— EXERCISE OBJECTIVE —
In the entries that follow, find the word "image" and report each line it is on.

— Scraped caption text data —
--*--
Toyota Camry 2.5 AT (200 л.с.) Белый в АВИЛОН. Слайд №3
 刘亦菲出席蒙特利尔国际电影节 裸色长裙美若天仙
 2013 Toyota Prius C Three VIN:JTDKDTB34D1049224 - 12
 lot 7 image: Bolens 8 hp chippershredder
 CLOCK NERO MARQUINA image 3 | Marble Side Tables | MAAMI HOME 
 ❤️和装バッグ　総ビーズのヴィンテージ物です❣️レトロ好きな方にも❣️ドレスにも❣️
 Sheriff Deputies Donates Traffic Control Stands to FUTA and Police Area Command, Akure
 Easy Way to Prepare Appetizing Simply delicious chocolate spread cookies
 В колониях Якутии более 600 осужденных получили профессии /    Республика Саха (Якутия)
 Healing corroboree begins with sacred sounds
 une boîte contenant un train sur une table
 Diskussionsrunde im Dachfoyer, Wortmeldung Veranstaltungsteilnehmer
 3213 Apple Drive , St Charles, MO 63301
--*--
— SOLUTION TO THE PROBLEM —
 lot 7 image: Bolens 8 hp chippershredder
 CLOCK NERO MARQUINA image 3 | Marble Side Tables | MAAMI HOME 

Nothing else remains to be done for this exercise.